Task statement – Scan the records below for the line with "Immunohistochemistry - NME5" and the line with "Fig. 3. DNA-binding". Repeat those two lines and every line between them exactly, and nothing else.

Information –
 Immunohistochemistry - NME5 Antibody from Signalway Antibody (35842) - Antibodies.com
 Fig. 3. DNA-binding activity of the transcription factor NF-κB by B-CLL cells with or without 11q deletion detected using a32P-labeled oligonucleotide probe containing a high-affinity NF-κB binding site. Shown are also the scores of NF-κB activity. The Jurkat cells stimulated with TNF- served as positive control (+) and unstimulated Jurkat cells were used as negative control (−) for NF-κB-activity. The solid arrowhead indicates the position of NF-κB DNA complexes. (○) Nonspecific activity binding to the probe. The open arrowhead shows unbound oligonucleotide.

==

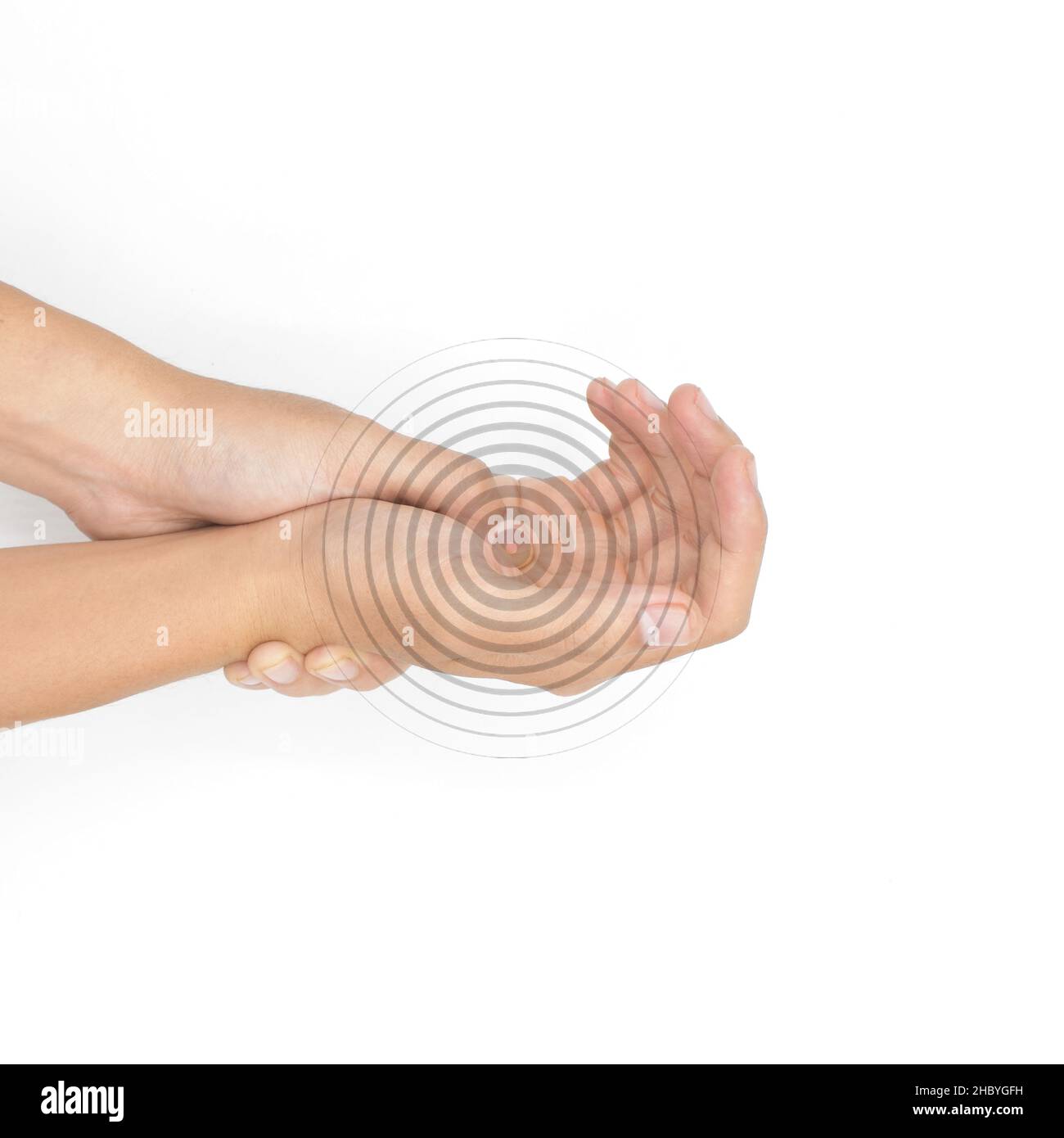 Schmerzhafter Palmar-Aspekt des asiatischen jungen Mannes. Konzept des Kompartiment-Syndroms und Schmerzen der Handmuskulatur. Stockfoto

Task response –
 Immunohistochemistry - NME5 Antibody from Signalway Antibody (35842) - Antibodies.com
 Fig. 3. DNA-binding activity of the transcription factor NF-κB by B-CLL cells with or without 11q deletion detected using a32P-labeled oligonucleotide probe containing a high-affinity NF-κB binding site. Shown are also the scores of NF-κB activity. The Jurkat cells stimulated with TNF- served as positive control (+) and unstimulated Jurkat cells were used as negative control (−) for NF-κB-activity. The solid arrowhead indicates the position of NF-κB DNA complexes. (○) Nonspecific activity binding to the probe. The open arrowhead shows unbound oligonucleotide.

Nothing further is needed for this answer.